■ SOURCE MATERIAL:
===

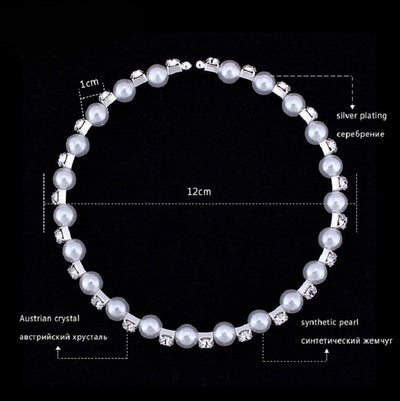 Bridal three-piece jewelry set with white pearls and clear rhinestones, including a necklace, bracelet, and square stud earrings. - Image 5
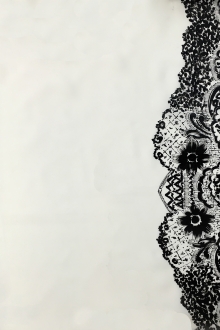 Hand Painted Lacquer Border Silk Gazar Panel0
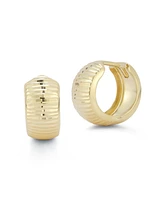 Rachel Zoe Fine Jewelry 14K Gold Bold Diamond Cut Huggie Hoop Earrings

===

■ EXERCISE:
The data above must be copied exactly. Leave out the pictures.

■ SOLUTION TO THIS PROBLEM:
 Bridal three-piece jewelry set with white pearls and clear rhinestones, including a necklace, bracelet, and square stud earrings. - Image 5
 Hand Painted Lacquer Border Silk Gazar Panel0
 Rachel Zoe Fine Jewelry 14K Gold Bold Diamond Cut Huggie Hoop Earrings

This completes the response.